As most people interested in politics know, the Republican Party gained back a majority in the Senate in the recent midterm elections. In addition to already controlling the House of Representatives they now control both houses of Congress. Does this indicate a shift of American voters to the right in future elections? While some may jump to conclusions and agree with this statement they neglect to mention a number of variables that likely played into the favor of the Republicans in the past election. These variables include: the low voter turnout, the influence of a potential female presidential candidate in the 2016 election, and the naivety of the average voter.
It is no secret that turnout is typically much lower in midterm elections and it seems as though this trend continued in 2014. With low turnout, Republicans were able to pull out close senate wins in many states. Thus, while it seems as though the Republican Party is gaining support of the American public it is in reality mainly due to low turnout. The Republican Party has reason to be concerned, especially due to the fact that young people currently tend to vote liberal. In addition, as the minority population grows – and in particular the Hispanic American population – the Republican Party will be furthered weakened. This is due to the fact that outside of the Cuban-American community, most Hispanic Americans vote democrat. Turnout is at its highest during presidential elections, and this does not bode well for Republicans in 2016.

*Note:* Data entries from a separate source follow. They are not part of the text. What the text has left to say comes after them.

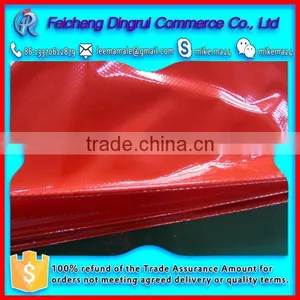 UNHCR/UNICEF Approved HDPE Plastic Tarps for Temporary Shelter thumbnail-3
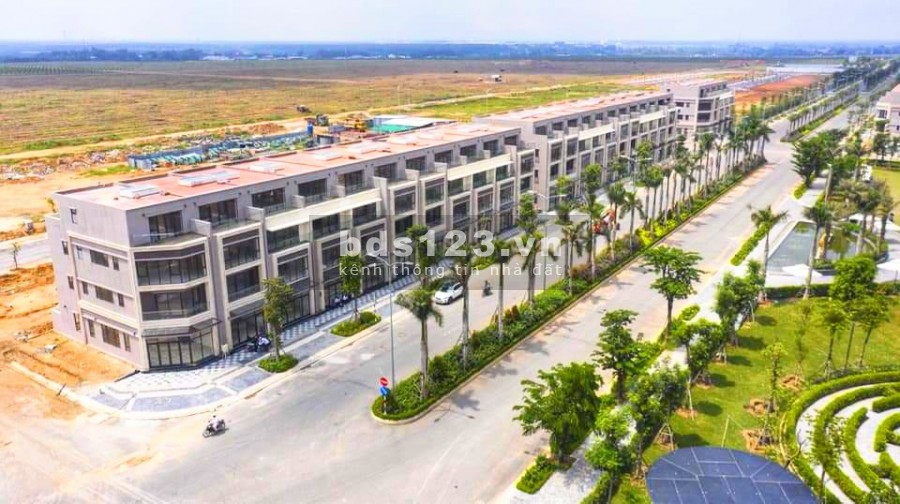 Bán nhà liền kề pháp lý hoàn chỉnh, sổ hồng từng căn, ưu đãi đặc biệt áp dụng duy nhất trong tháng 8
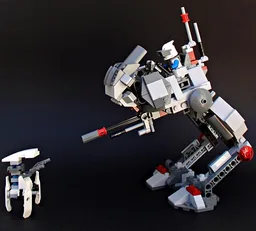 7869 - ATRT vs Droideka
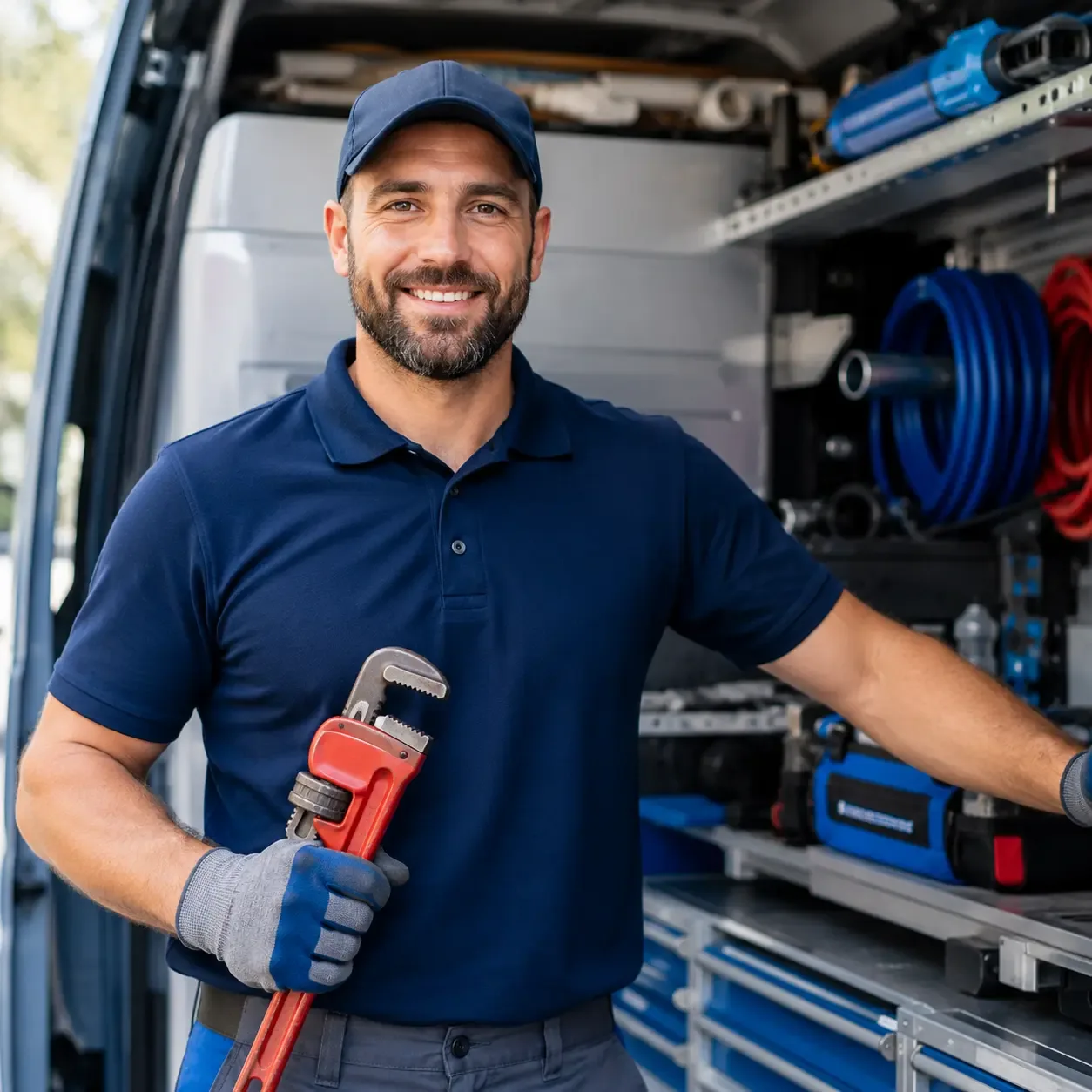 Local emergency plumbing professionals in Dunbar, WV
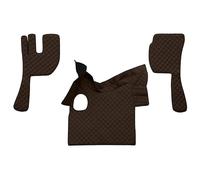 Tapis de sol F-CORE FL12 BROWN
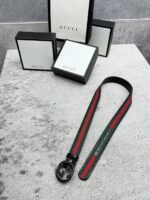 Luxury Designer Leather Belt Collection (Gucci, Hermes & Louis Vuitton) - Image 15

The election in 2016 also has shown signs of a woman presidential candidate potentially running for the Democrat party. This could have an enormous impact on the election. Currently, women tend to vote liberal, and a woman candidate may sway women on the fence to vote democrat. Much has been said of Hilary Clinton, Elizabeth Warren and other potential nominations. This excitement about having a woman president could match the excitement that surround President Barack Obama in the 2008 election. The Democratic Party would be foolish to not nominate a woman candidate in the 2016 elections, as the majority of Americans think it’s about time we have one. The possible wild card would be if Republicans were to nominate a woman candidate.

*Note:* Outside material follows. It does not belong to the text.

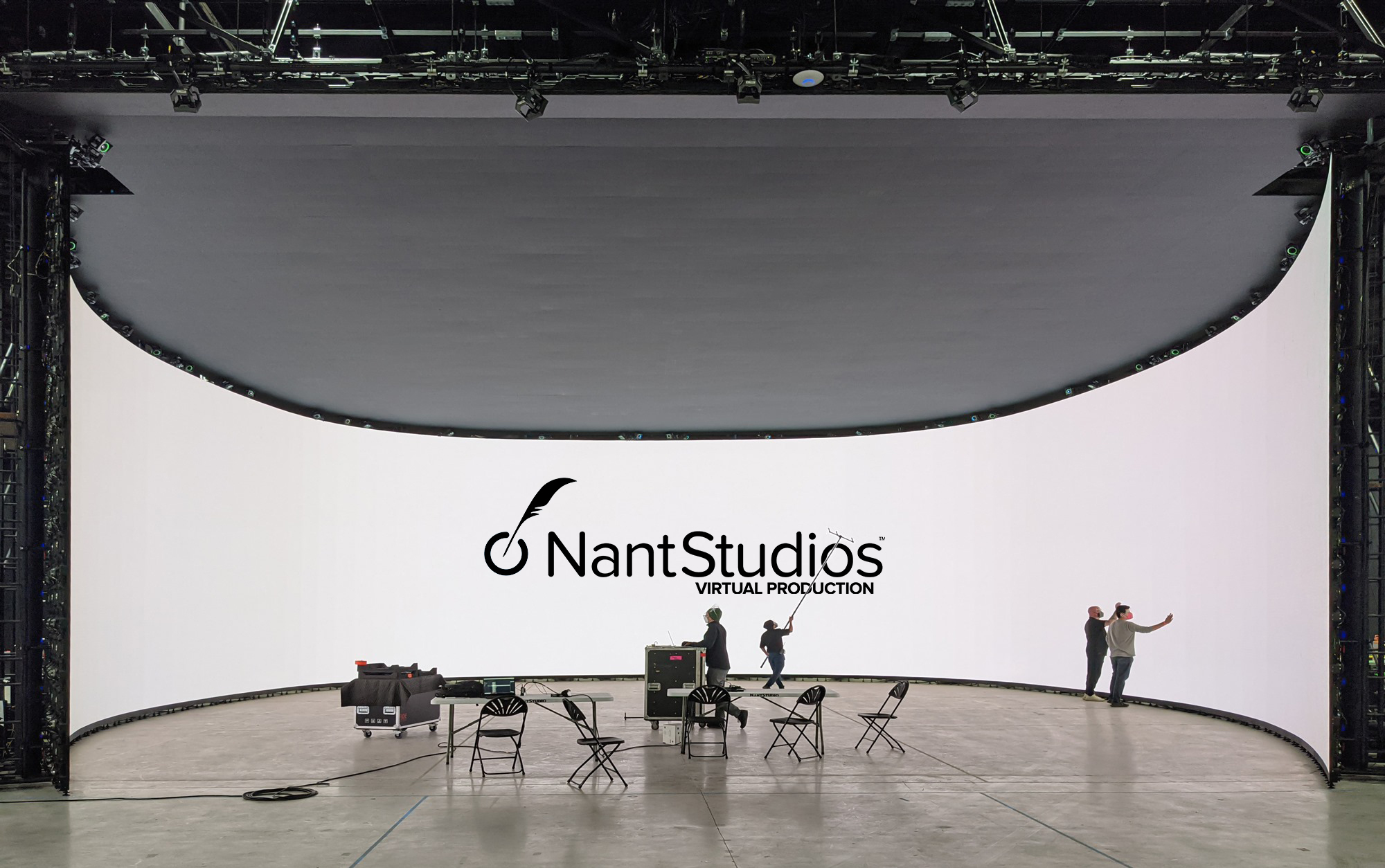 NantStudios delivers commercial for luxury car brand powered by disguise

A third reason that U.S. voters have not shifted completely to the right is the naivety of the average voter. Most Americans are not political science graduates and have very little interest in politics. These voters will vote on what they see as their day to day realities. For example, if one party is in office and it seems as though they are getting little done they will switch to the other party in the next election. These people fail to realize that in the past few years Obama has been trying to pass legislation but Republicans continuously reject his proposed bills. With both houses of Congress now “red” and the presidency “blue,” there is little hope of getting many bills passed during the remainder of President Obama’s term in office. This will hurt Republicans who have tried to show that they are going to get bills passed now that they are in power.
The 2014 elections have not been very different from past midterm elections, and voters have not gone to the right for good. Increased Republican wins are a result of low overall turnout, the non-impact of a presidential year and woman nomination, as well as the naivety of the average voter. This cycle of going back and forth between political parties will likely continue due to lack of understanding about how government works. Only time will tell if this ideological shift will persist.